What was once supposed to be a year-end Santa rally has turned into the second-worst December on record for stocks. In fact, the plunge in stocks has been so dramatic it has taken even the bears by surprise, and as a result even some of the biggest skeptics are calling for a rebound.
Take BMO's Russ Visch: the technical analyst had correctly been calling for a drop into year end, and yet in his latest note writes that the widespread and price indescriminate hedge fund liquidations may have taken things too far. As Visch explains, historically December is not only the strongest month of the year for the S&P 500 but also the most consistently positive, which has created some confusion around the “Santa Claus rally” phenomenon.
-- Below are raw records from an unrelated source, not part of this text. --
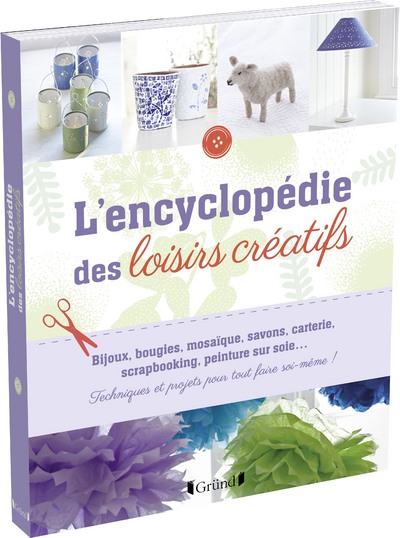 L'ENCYCLOPEDIE DES LOISIRS CREATIFS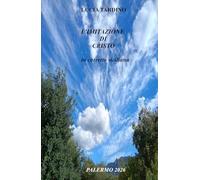 L'imitazione di Cristo in corretto siciliano (La community di ilmiolibro.it)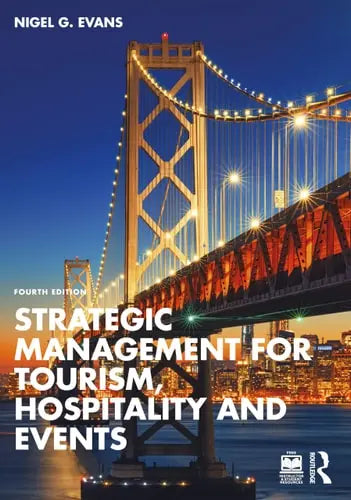 Strategic Management for Tourism, Hospitality and Events by Nigel Evans ISBN: 978-1032331836
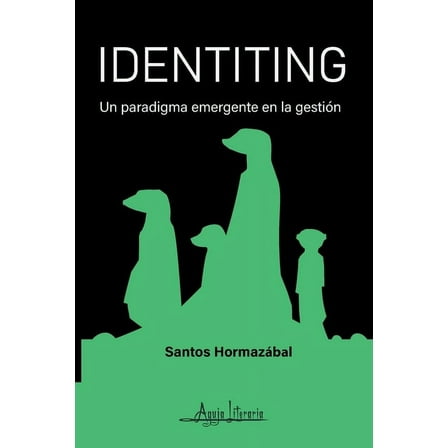 Identiting: Un paradigma emergente en la gestión (Paperback)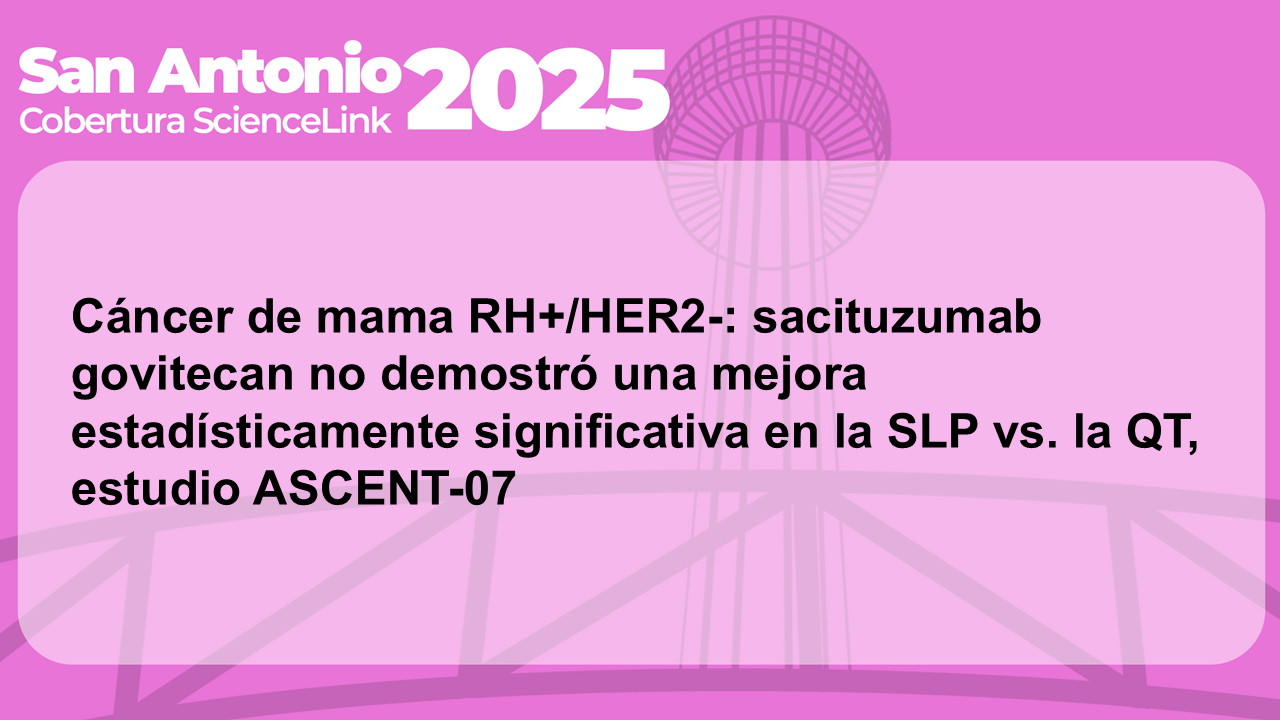 Cáncer de mama RH+/HER2-: sacituzumab govitecan no demostró una mejora estadísticamente significativa en la SLP vs. la QT, estudio ASCENT-07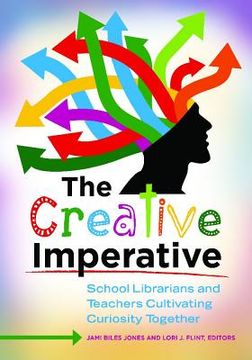 portada the creative imperative: school librarians and teachers cultivating curiosity together (in English)
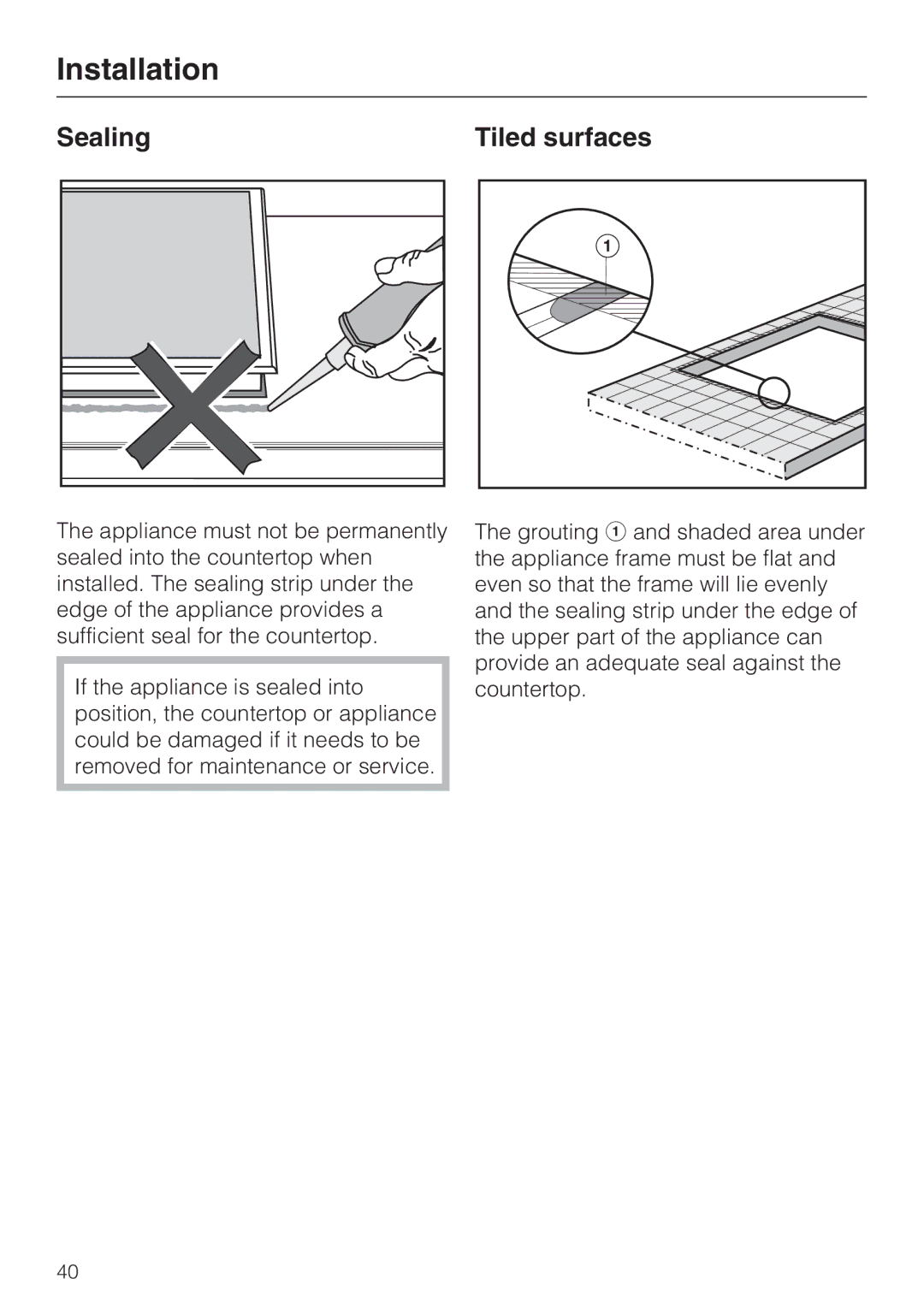 Miele CS1221 installation instructions Sealing Tiled surfaces 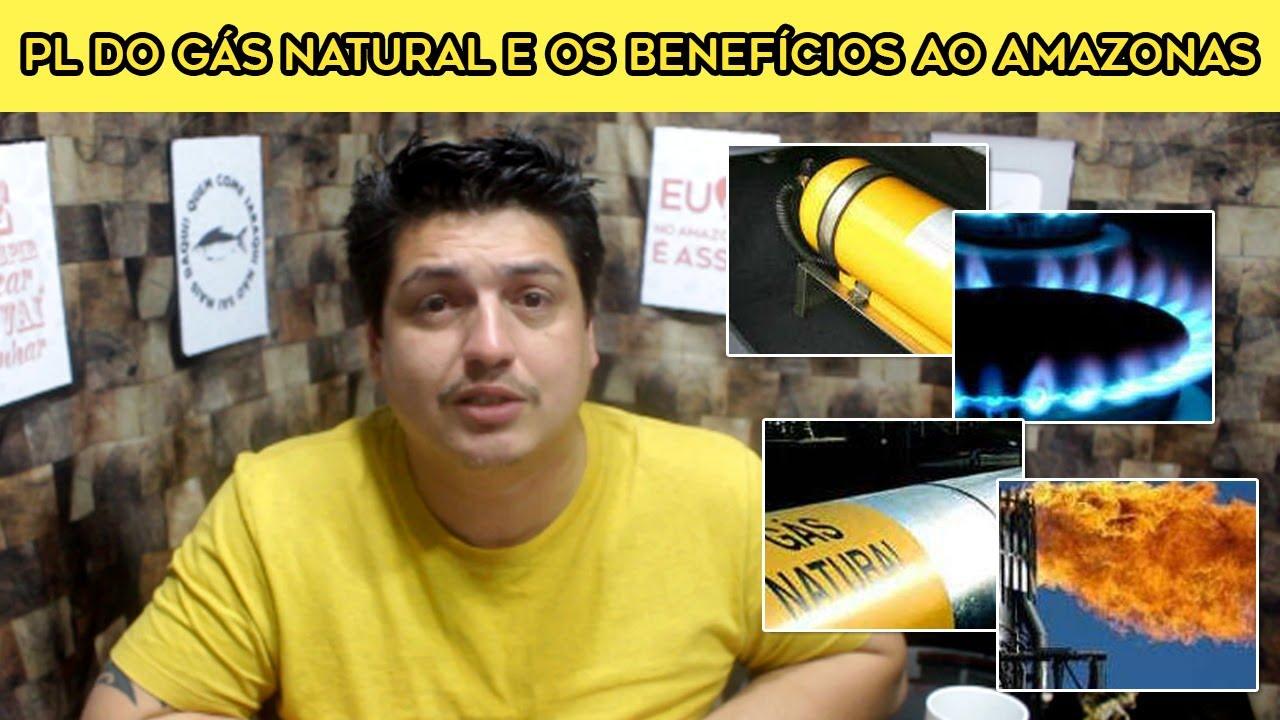 PL do gás natural e os benefícios ao Amazonas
As he further notes, while people assume that stocks should go straight up throughout the month from start to finish, in fact, the first half of the month is typically flat at best with most of the gains coming in the last two weeks. And after the sharp plunge in the first half of the month, Visch is now expecting something similar to develop again this year as daily breadth and momentum gauges are now oversold enough to support a solid bounce into the end of the year.
To give readers an idea of how ugly the latest data has been, the BMO strategist points out that short-term breadth oscillators are actually more oversold now than at any point since early 2016.
That said, in terms of upside potential Visch is not looking for anything more than a partial retracement of the recent decline. Some targets: the First resistance for the S&P 500 is the breakdown level at 2630, then its 50-day moving average at 2715.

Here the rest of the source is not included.